TASK ITEM: Set down the whole listing below exactly, without pictures.

STORED DATA:
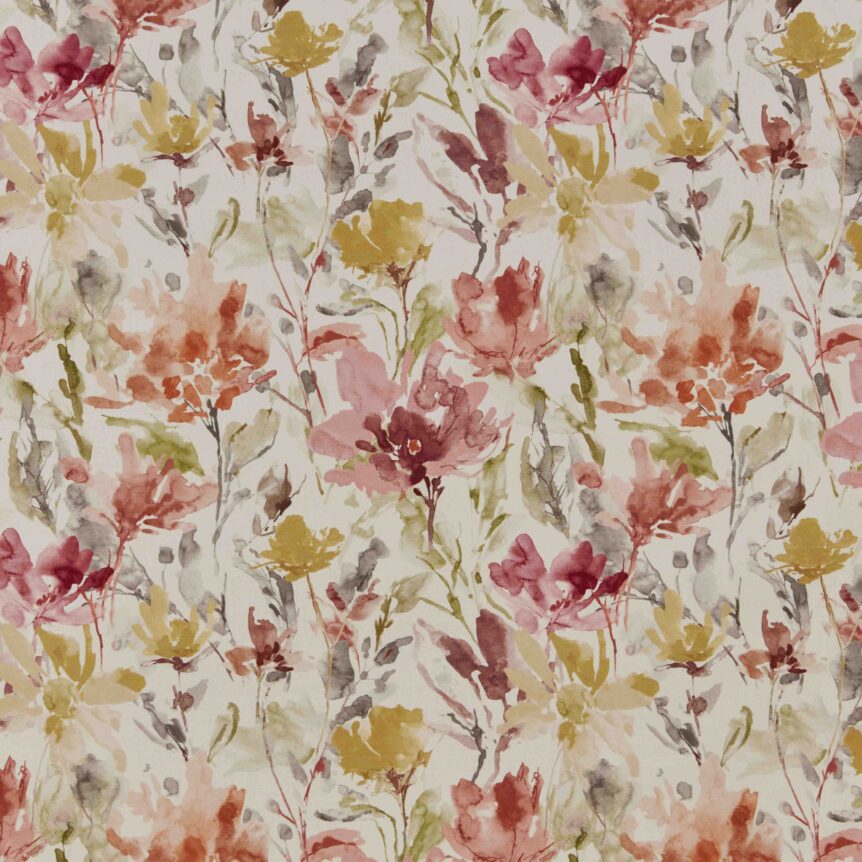 iLiv 2022 Water Meadow Fabric Rosewood iLiv 2022 Water Meadow Fabric Rosewood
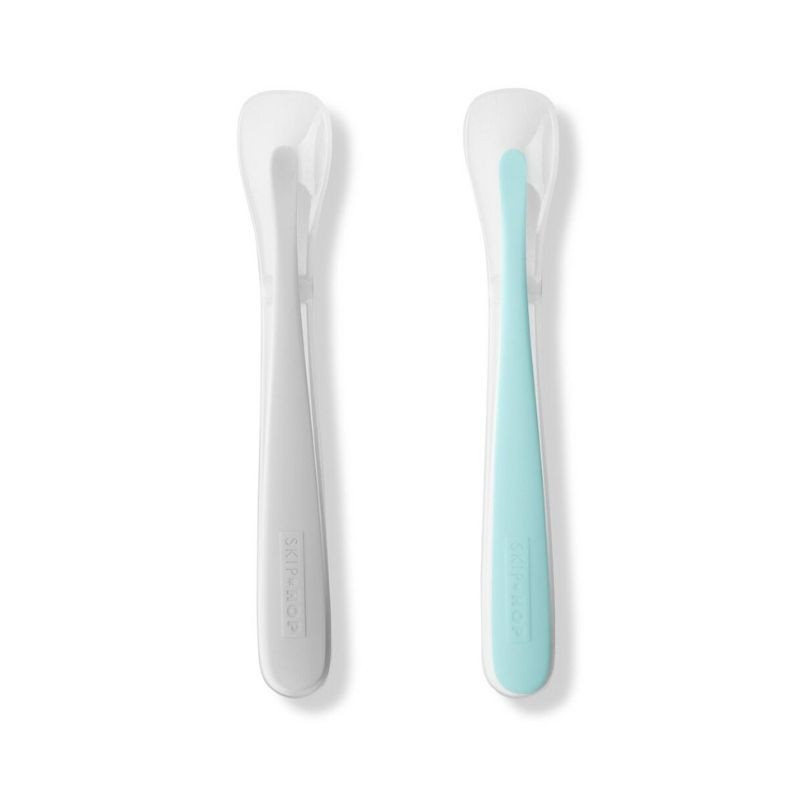 Skip-Hop Set 2 lingurite Easy Feed accesorii imagine noua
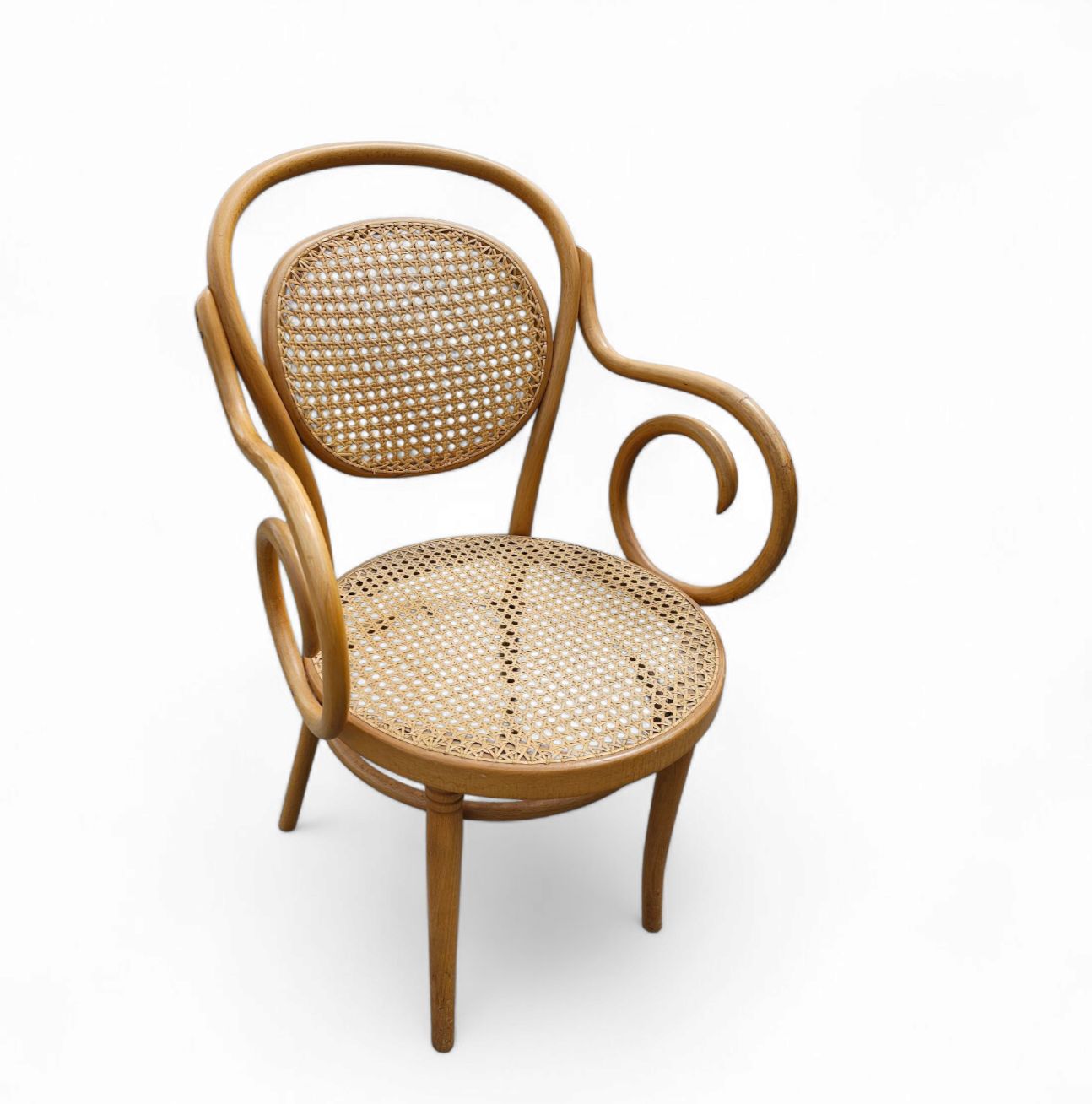 No. 11 Armchair By Michael Thonet For Zpm Radomsko, Austria, 1920s photo 634.0
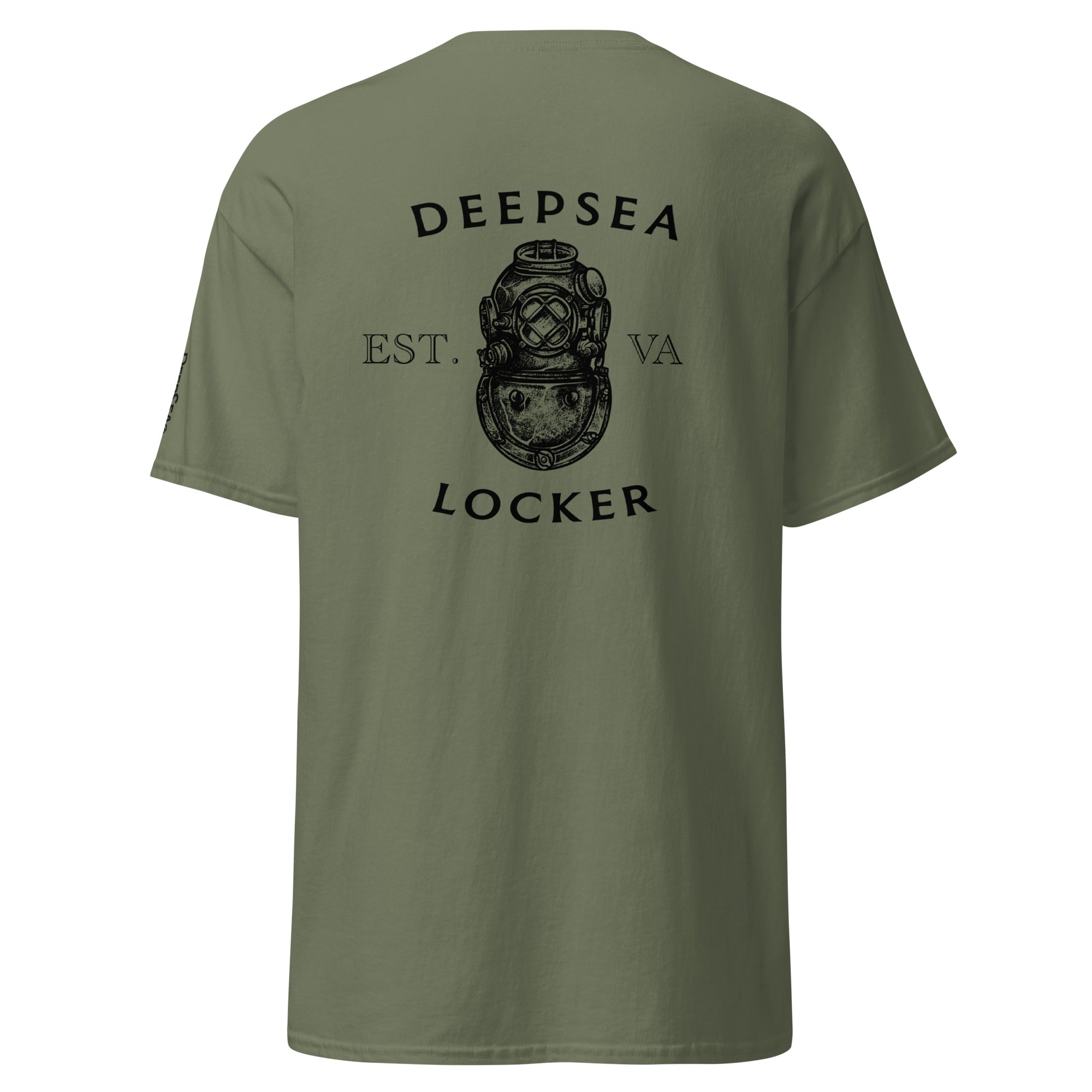 DeepSea Locker VA Men's classic tee by DeepSea Locker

TASK ANSWER:
 iLiv 2022 Water Meadow Fabric Rosewood iLiv 2022 Water Meadow Fabric Rosewood
 Skip-Hop Set 2 lingurite Easy Feed accesorii imagine noua
 No. 11 Armchair By Michael Thonet For Zpm Radomsko, Austria, 1920s photo 634.0
 DeepSea Locker VA Men's classic tee by DeepSea Locker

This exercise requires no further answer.